In [8]:
import requests
from bs4 import BeautifulSoup
import random
import time
import json

## First, get genre data from Box Office Mojo's top 200 grossing movies (2025)

### Get the main top 200 page

In [2]:
# getting the first page of 200 movies
page = requests.get("https://www.boxofficemojo.com/chart/top_lifetime_gross/?ref_=bo_cso_ac")
# converting page into readable text file
soup = BeautifulSoup(page.content, "html.parser")
# umcomment to see html as text file
# print(soup.prettify())

### Retrieve the URLs for all of the top 200 movies on Box Office Mojo

In [3]:
# creating an empty list to store individual movies' websites
websites = []

# looping through links on the page to get a list of links for each movie
for link in soup.find_all('a', class_="a-link-normal")[15:415]:
    if "title" in link.get('href'):
       websites.append("https://www.boxofficemojo.com/" + link.get('href')) # concatenating main html link with query string  

### Extracting the raw genre data from the retrieved movie websites

In [None]:
# Title and genre extraction for one website
# Create empty lists for extracted titles and genres (not processed yet)
titles = []
genres = []

# Extract the raw data for each movie
for website in websites:
    print(f"Scraping site {website}")
    page = requests.get(website)
    soup = BeautifulSoup(page.content, "html.parser")
    # Pull the data from the move's website
    # Extract the title
    title = soup.find_all("h1", class_="a-size-extra-large")
    genres_div = soup.find_all('div', class_='a-section a-spacing-none')
    for section in genres_div:
        if "Genres" in section.find_all('span')[0]:
            genres_span = section.find_all('span')[1]
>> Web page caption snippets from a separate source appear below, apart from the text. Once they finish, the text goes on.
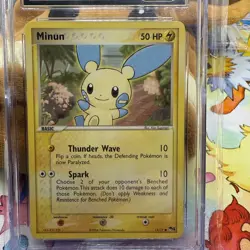 CGC Pristine 10 Minun 2004 Japanese POP Series 1 #12/17 Pokemon Card - Image 4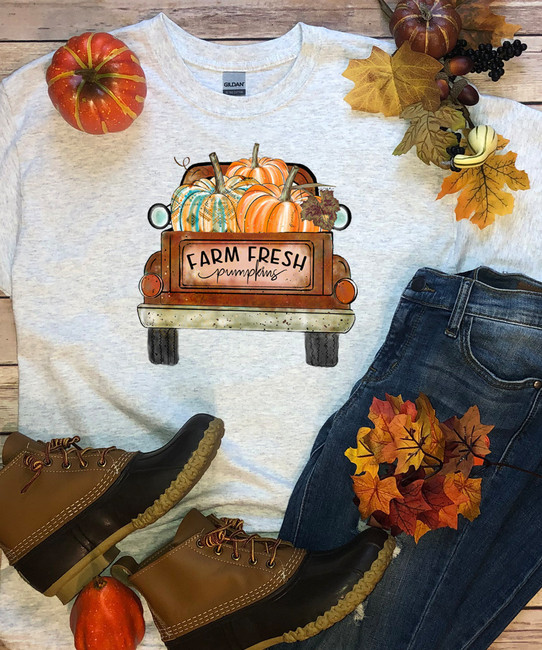 Farm Fresh Pumpkins Truck Tee Shirt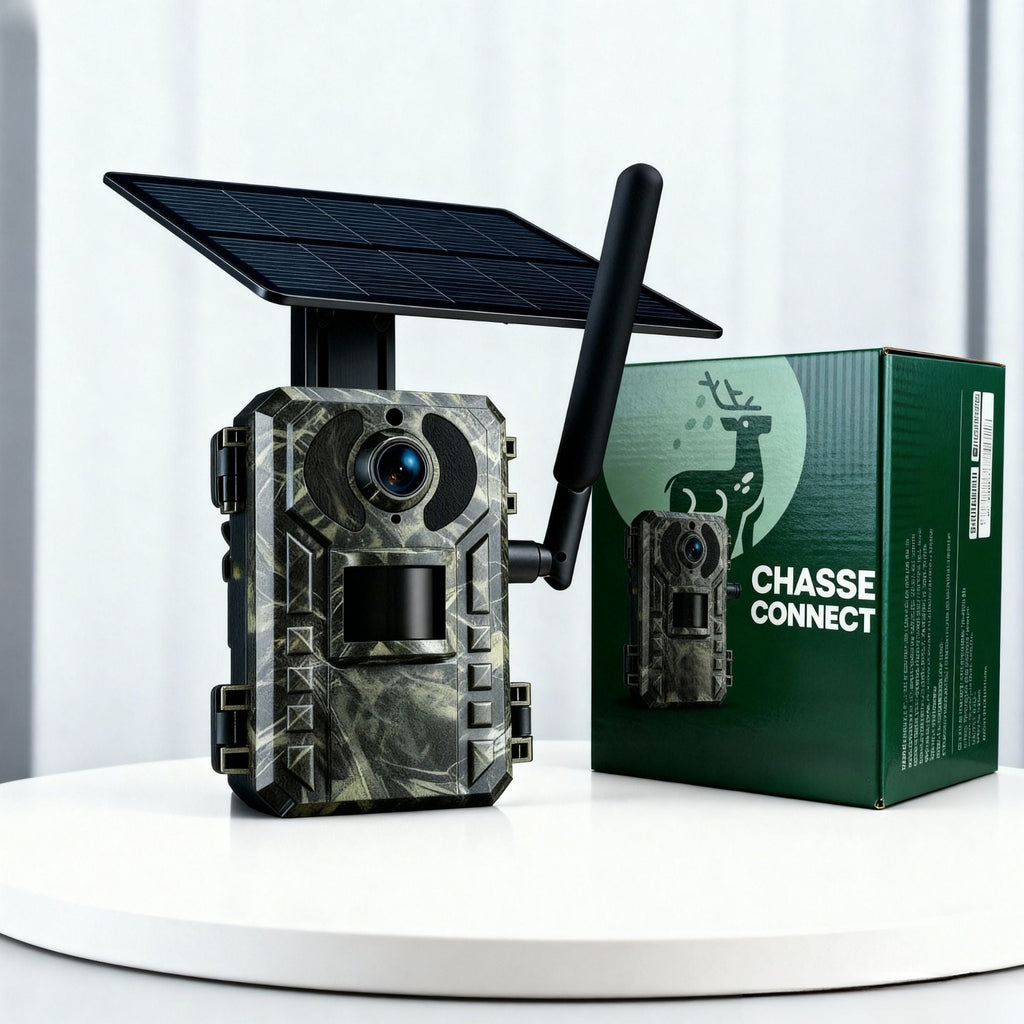 Caméra de chasse 4G solaire Chasse Connect avec son emballage d'origine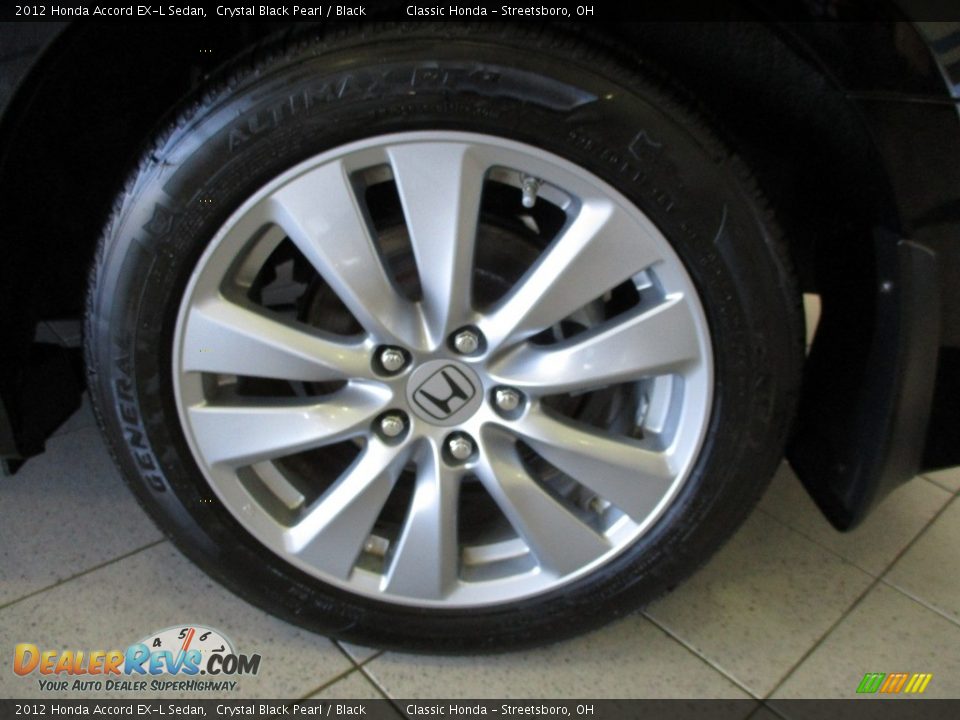 2012 Honda Accord EX-L Sedan Crystal Black Pearl / Black Photo #11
    # Store the extracted title and genres
    titles.append(title[0].text)
    genres.append(genres_span.text)

    # Add a randomized 1-3 second delay to avoid getting blocked by the site
    time.sleep(random.randint(0,3))

print("All done!")

Scraping site https://www.boxofficemojo.com//title/tt2488496/?ref_=bo_cso_table_1
Scraping site https://www.boxofficemojo.com//title/tt4154796/?ref_=bo_cso_table_2
Scraping site https://www.boxofficemojo.com//title/tt10872600/?ref_=bo_cso_table_3
Scraping site https://www.boxofficemojo.com//title/tt0499549/?ref_=bo_cso_table_4
Scraping site https://www.boxofficemojo.com//title/tt1745960/?ref_=bo_cso_table_5
Scraping site https://www.boxofficemojo.com//title/tt1825683/?ref_=bo_cso_table_6
Scraping site https://www.boxofficemojo.com//title/tt1630029/?ref_=bo_cso_table_7
Scraping site https://www.boxofficemojo.com//title/tt4154756/?ref_=bo_cso_table_8
Scraping site https://www.boxofficemojo.com//title/tt0120338/?ref_=bo_cso_table_9
Scraping site https://www.boxofficemojo.com//title/tt0369610/?ref_=bo_cso_table_10
Scraping site https://www.boxofficemojo.com//title/tt22022452/?ref_=bo_cso_table_11
Scraping site https://www.boxofficemojo.com//title/tt6263850/?ref_=bo_cso_table_12
Scraping si

### Processing the genre data and creating a data dictionary

In [None]:
# Create dict for movie titles and genres
movies_and_genres = {}

# Clean up the genres into a list of strings of each genre
for i in range(len(genres)):
    genre = genres[i]
    # Remove the extraneous spaces from the string
    genre_no_space = genre.replace(" ", "")
    # Remove new lines and leave as a space to allow easy splitting into list
    genre_no_break = genre_no_space.replace("\n", " ")
    # Split string into a list
    genre_list = genre_no_break.split()
    # Append the cleaned genre list to the dictionary with the title
    movies_and_genres[titles[i]] = genre_list

{'Star Wars: Episode VII - The Force Awakens (2015)': ['Action', 'Adventure', 'Sci-Fi'], 'Avengers: Endgame (2019)': ['Action', 'Adventure', 'Sci-Fi'], 'Spider-Man: No Way Home (2021)': ['Action', 'Adventure', 'Fantasy', 'Sci-Fi'], 'Avatar (2009)': ['Action', 'Adventure', 'Fantasy', 'Sci-Fi'], 'Top Gun: Maverick (2022)': ['Action', 'Drama'], 'Black Panther (2018)': ['Action', 'Adventure', 'Sci-Fi'], 'Avatar: The Way of Water (2022)': ['Action', 'Adventure', 'Fantasy', 'Sci-Fi'], 'Avengers: Infinity War (2018)': ['Action', 'Adventure', 'Sci-Fi'], 'Titanic (1997)': ['Drama', 'Romance'], 'Jurassic World (2015)': ['Action', 'Adventure', 'Sci-Fi'], 'Inside Out 2 (2024)': ['Adventure', 'Animation', 'Comedy', 'Drama', 'Family', 'Fantasy'], 'Deadpool & Wolverine (2024)': ['Action', 'Adventure', 'Comedy', 'Sci-Fi'], 'Barbie (2023)': ['Adventure', 'Comedy', 'Fantasy'], 'The Avengers (2012)': ['Action', 'Sci-Fi'], 'Star Wars: Episode VIII - The Last Jedi (2017)': ['Action', 'Adventure', 'Fantasy'

### Save the genres dictionary to a .txt file for usage later

In [None]:
# Save the dictionary to a file
with open("title_genres.txt", "w") as title_genres:
    title_genres.write(json.dumps(movies_and_genres))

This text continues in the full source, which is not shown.